▶ Work to be completed
Apart from the pictures, which must be omitted, restate the data exactly.
◆ ◆ ◆ ◆ ◆
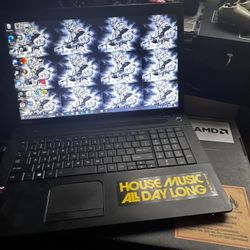 Toshiba Gaming And Home Computer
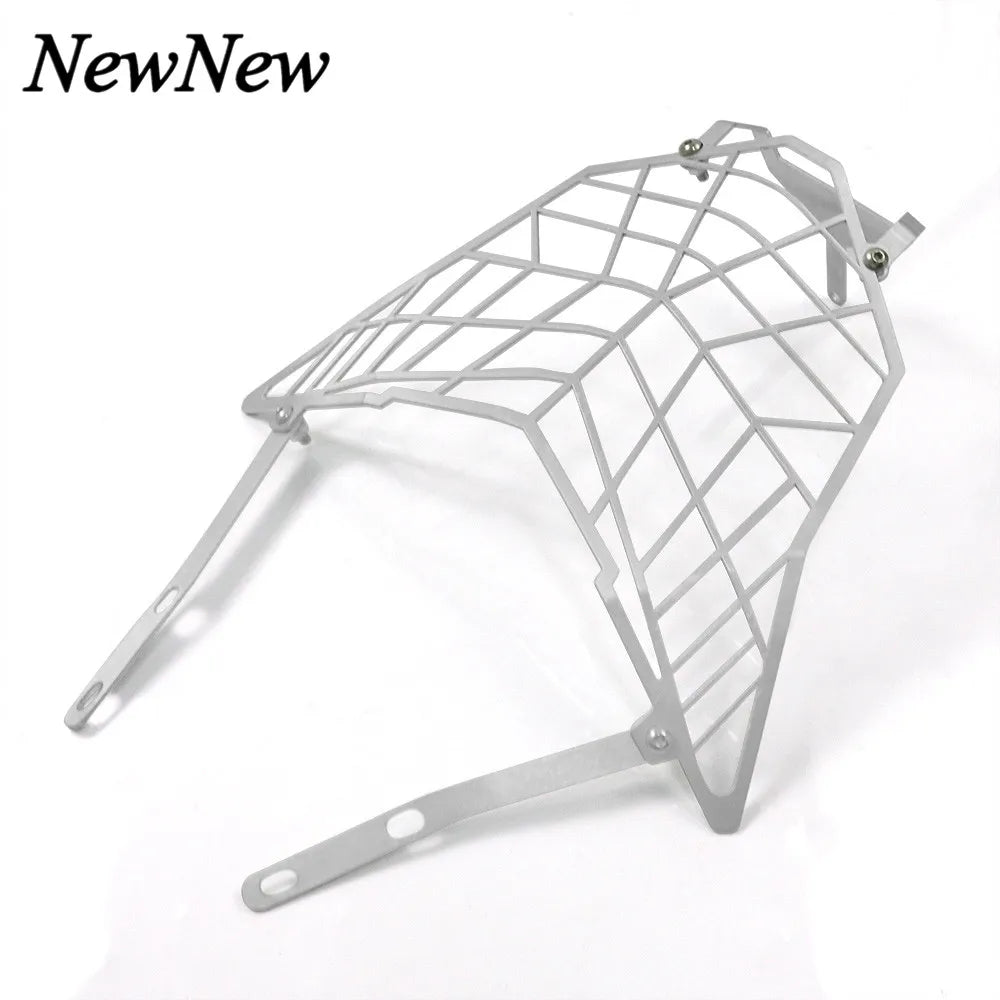 For Honda CB500X CB 500 X CB500 X 2013-2021 Motorcycle Accessories Headlight Grille Guard Head Lamp Light Cover Protector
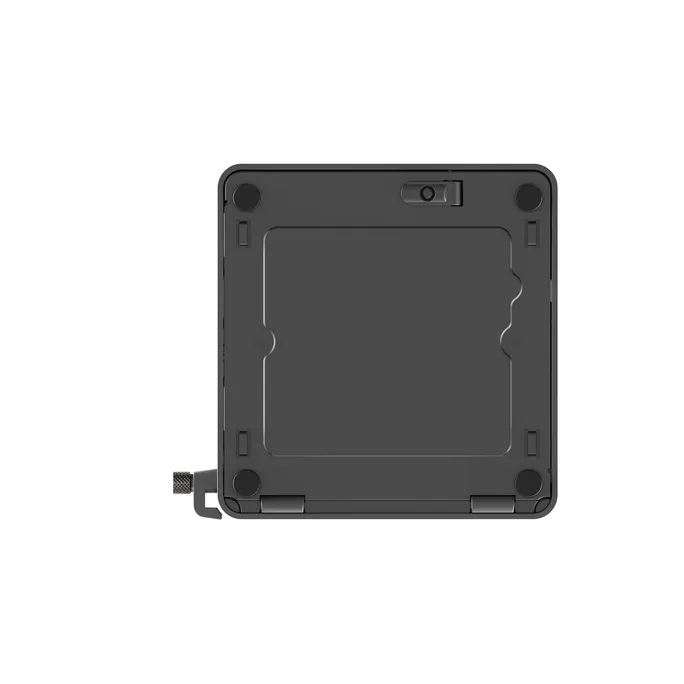 ASUS NUC 15 Pro Cyber Canyon RNUC15CRKC500002 Core 5 210H 0GB/0GB Slim Kit mit EU-Netzkabel – Bild 3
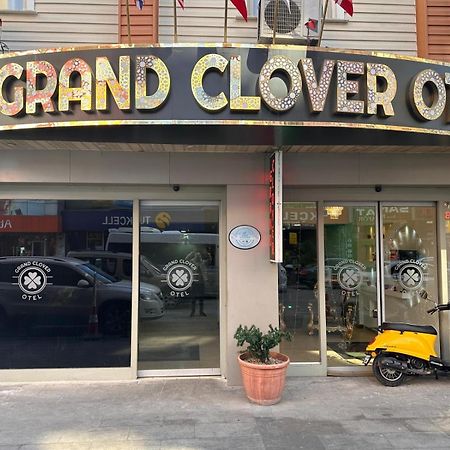 Grand Clover Otel Adana Exterior photo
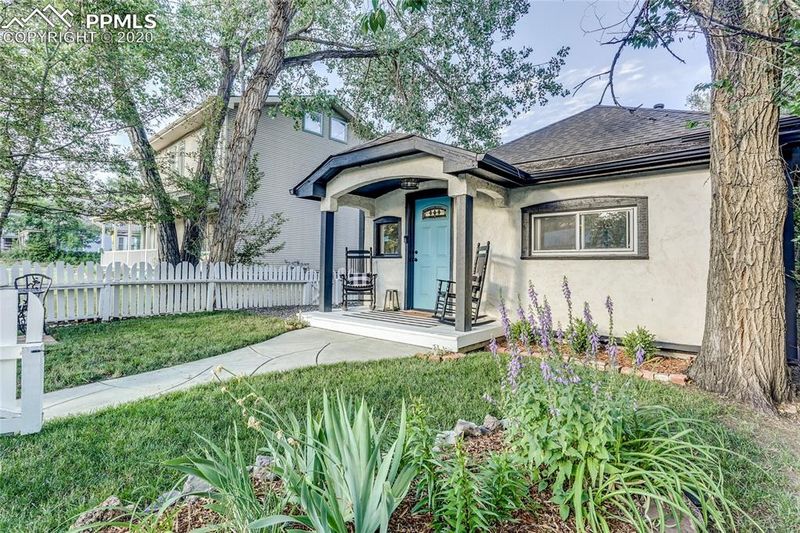 825 N El Paso St, Colorado Springs, CO 80903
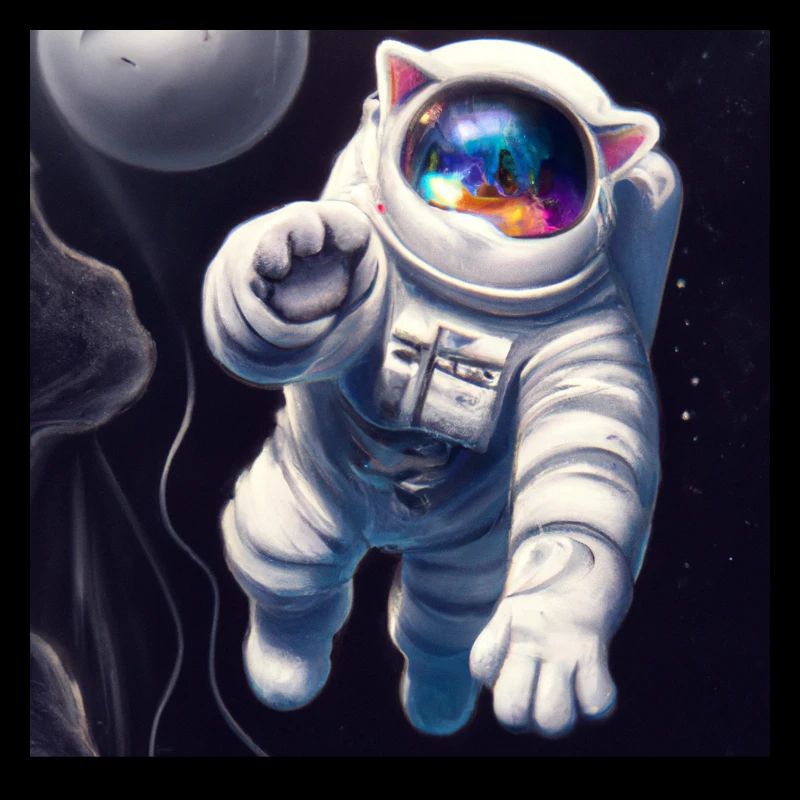 Space Kitten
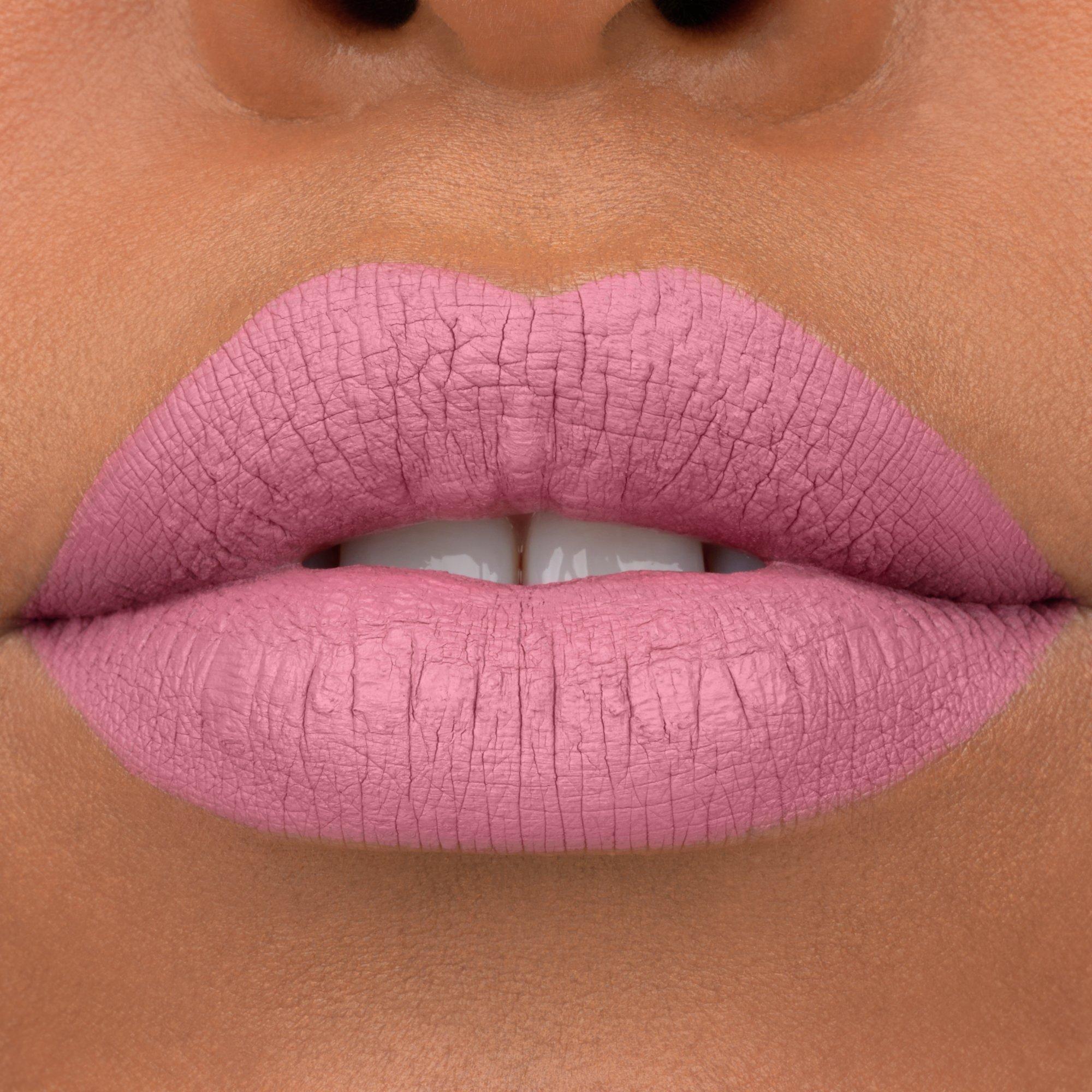 8h matte liquid lipstick
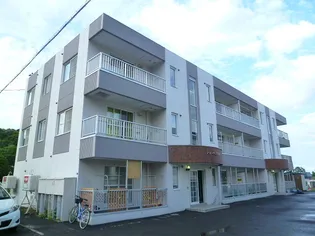 シャトーウェステリア【105号室】の外観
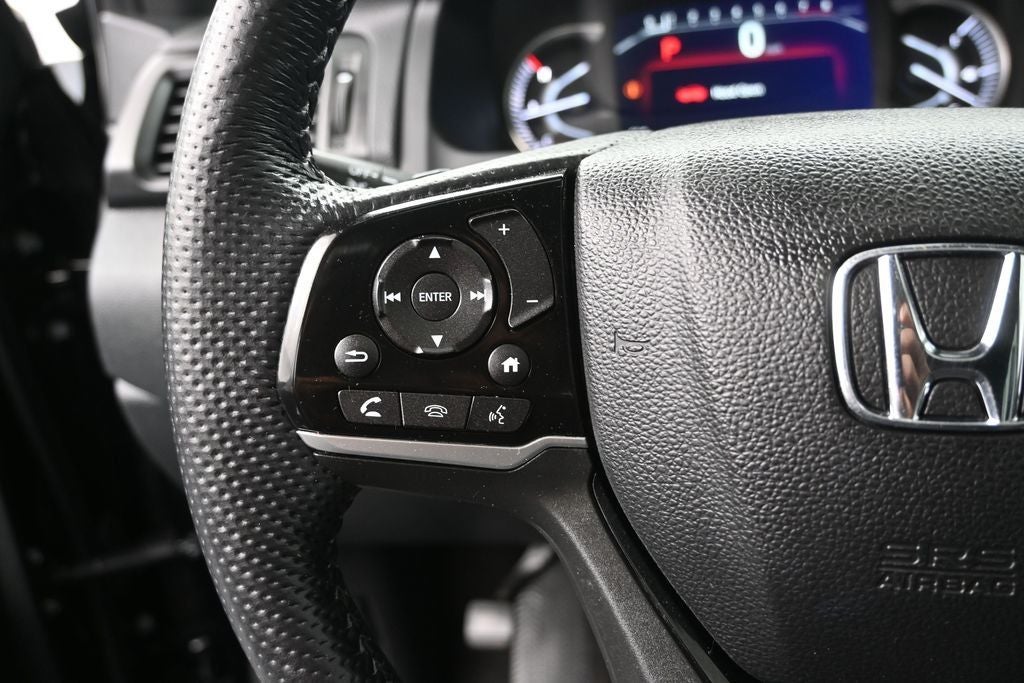 2023 Honda Passport Elite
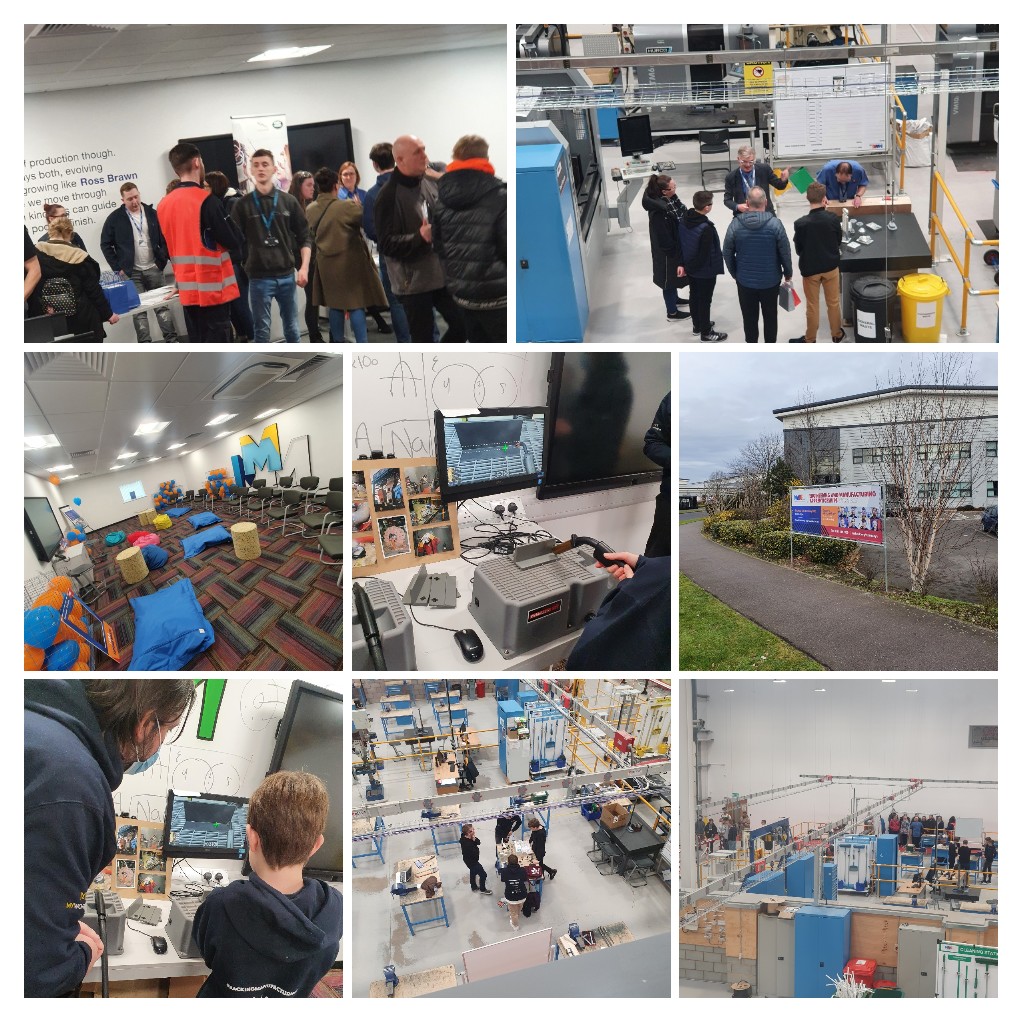 Fantastic open day at <a href="/MakeUK_/">Make UK</a> Tech Aston today.Thanks to all the staff, apprentices &amp; employers who supported. We definitely met a fair few of our new Apprentice intake today! #naw2022 Lovely to meet <a href="/focusracinguk/">Focus Racing</a> the @f1inschoolsUK  team we are sponsoring. #apprenticeships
◆ ◆ ◆ ◆ ◆
▶ Task solution
 Toshiba Gaming And Home Computer
 For Honda CB500X CB 500 X CB500 X 2013-2021 Motorcycle Accessories Headlight Grille Guard Head Lamp Light Cover Protector
 ASUS NUC 15 Pro Cyber Canyon RNUC15CRKC500002 Core 5 210H 0GB/0GB Slim Kit mit EU-Netzkabel – Bild 3
 Grand Clover Otel Adana Exterior photo
 825 N El Paso St, Colorado Springs, CO 80903
 Space Kitten
 8h matte liquid lipstick
 シャトーウェステリア【105号室】の外観
 2023 Honda Passport Elite
 Fantastic open day at <a href="/MakeUK_/">Make UK</a> Tech Aston today.Thanks to all the staff, apprentices &amp; employers who supported. We definitely met a fair few of our new Apprentice intake today! #naw2022 Lovely to meet <a href="/focusracinguk/">Focus Racing</a> the @f1inschoolsUK  team we are sponsoring. #apprenticeships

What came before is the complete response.